▸ **Exercise requirements**: Leave every image out, and return the rest of the data word for word.

══ Provided material

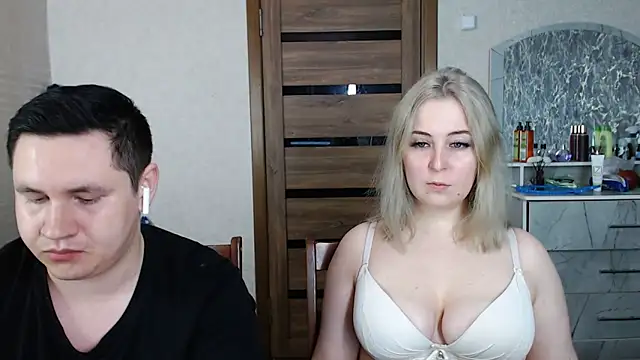 Snapshot of Kristy-Max chatting on 03-04-25, 07:43 Kristy-Max online show from 03-04-25, 07:43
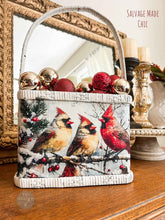 Cargar imagen en el visor de la galería, A4 Decoupage – Crimson Noel – 1 hoja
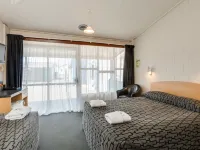 Ocean Beach Hotel Hotels in Dunedin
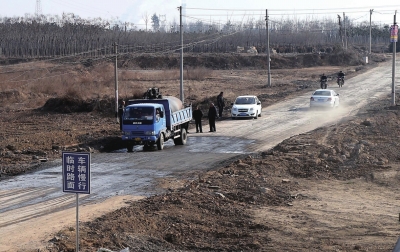 近千米的公路被挖的坑坑洼洼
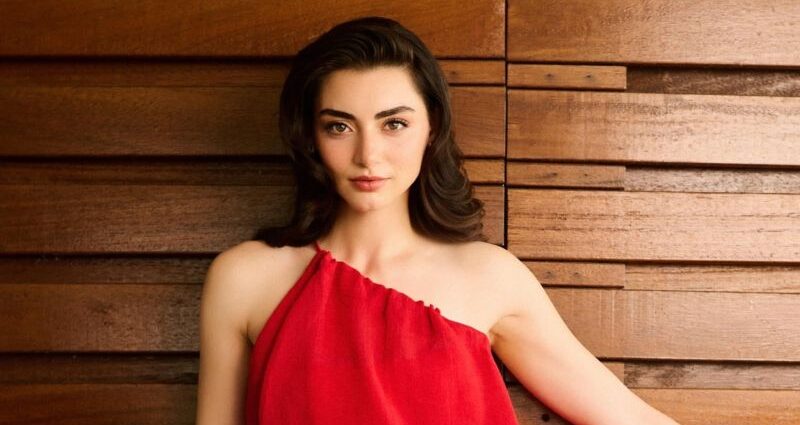 Özge Törer Instagram profile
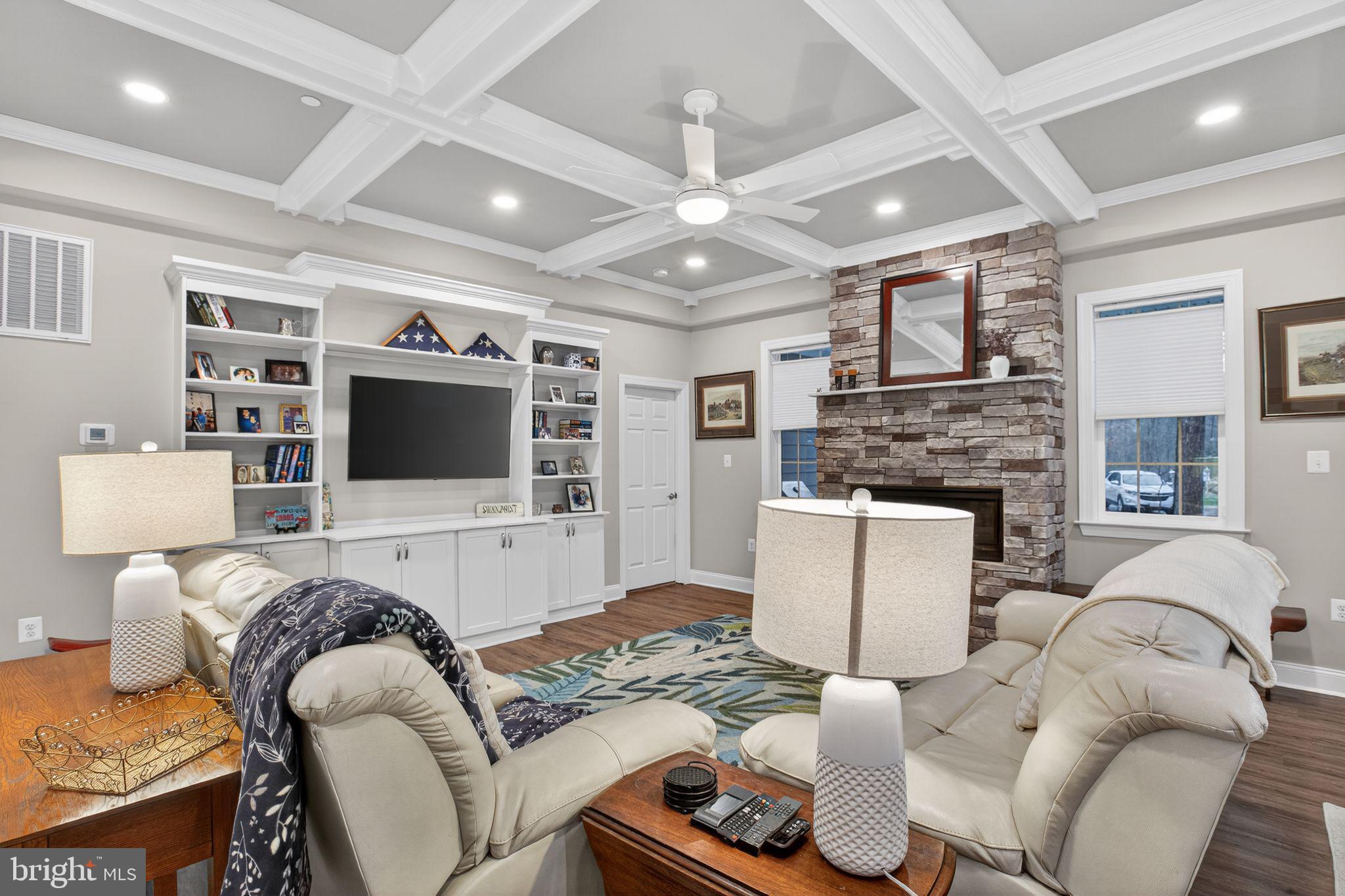 SWAN POINT - Residential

════

▸ **Solution for this problem**:
 Snapshot of Kristy-Max chatting on 03-04-25, 07:43 Kristy-Max online show from 03-04-25, 07:43
 Cargar imagen en el visor de la galería, A4 Decoupage – Crimson Noel – 1 hoja
 Ocean Beach Hotel Hotels in Dunedin
 近千米的公路被挖的坑坑洼洼
 Özge Törer Instagram profile
 SWAN POINT - Residential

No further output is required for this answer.